• Your assignment
Give the data again exactly as written, skipping any pictures.

• Provided data

◇ ◇ ◇ ◇

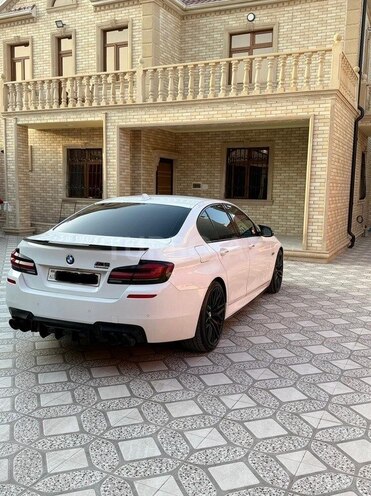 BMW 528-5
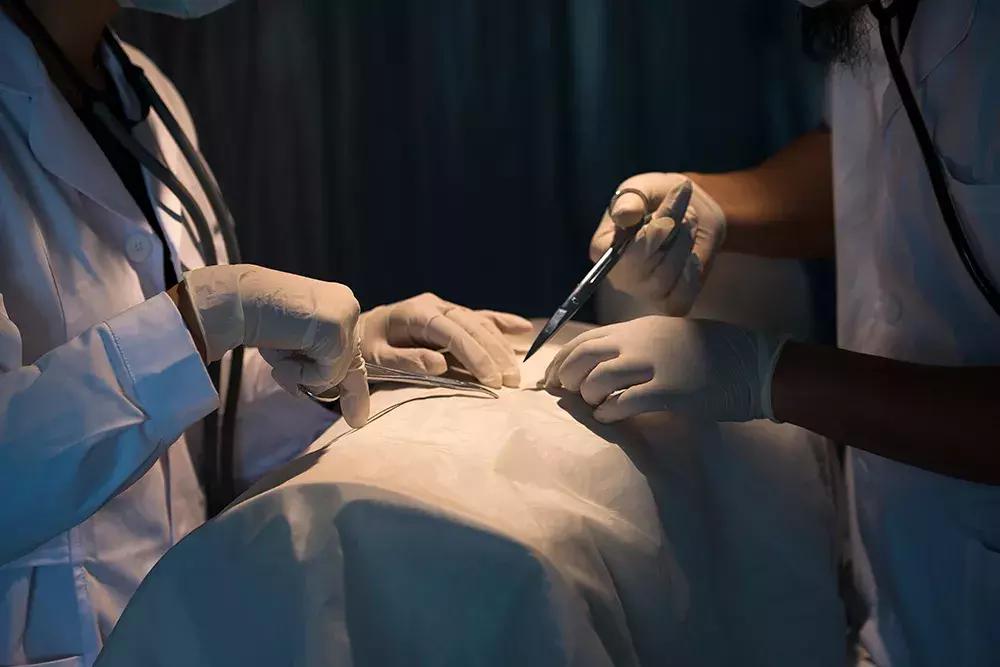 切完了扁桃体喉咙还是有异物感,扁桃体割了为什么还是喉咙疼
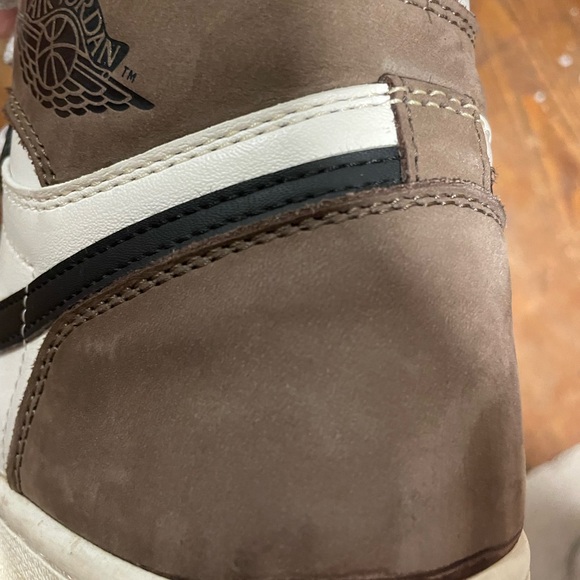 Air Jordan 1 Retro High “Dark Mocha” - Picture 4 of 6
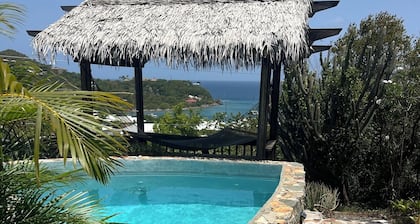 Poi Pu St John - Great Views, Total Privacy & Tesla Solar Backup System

◇ ◇ ◇ ◇

• Task solution
 BMW 528-5
 切完了扁桃体喉咙还是有异物感,扁桃体割了为什么还是喉咙疼
 Air Jordan 1 Retro High “Dark Mocha” - Picture 4 of 6
 Poi Pu St John - Great Views, Total Privacy & Tesla Solar Backup System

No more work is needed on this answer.